The Dead Sea Scrolls were discovered by Bedouin shepherds inside the Qumran caves located in the Judaean Desert from 1946 to 1947.
Previously, researchers have relied heavily on paleography, the study and deciphering of ancient writing and manuscripts, to determine the manuscript’s range.
Popović contends AI’s ability to analyze the Dead Sea Scrolls will transform how researchers study artifacts.
Christopher Rollston, a professor and chair of biblical and Near Eastern languages and civilizations at George Washington University argues the results of AI’s analysis are not very surprising.
“The results of this study are very interesting and presumably important, but not Earth-shattering,” he told Live Science. “Most of the conclusions of this article also dovetail with what the great palaeographers in the field, such as the late Frank Moore Cross, had already stated more than 60 years ago.”
Rollston also noted that while AI could be helpful in research, it should not be the “only tool in the toolbox.”
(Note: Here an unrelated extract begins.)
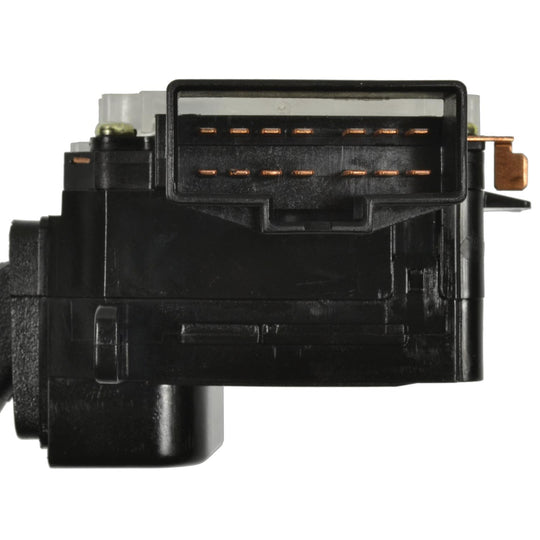 WP-443 Standard Ignition Windshield Wiper Switch Standard Ignition Canada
“Enoch could and should never be the only tool in the toolbox of someone wishing to determine the date for the writing of a manuscript. After all, human handwriting, and all of its variations and idiosyncratic features, is a deeply human thing,” Rollston added. “Machines can be helpful in isolating features of a script, but the presence of a gifted palaeographer is at least as valuable as a machine-learning tool.”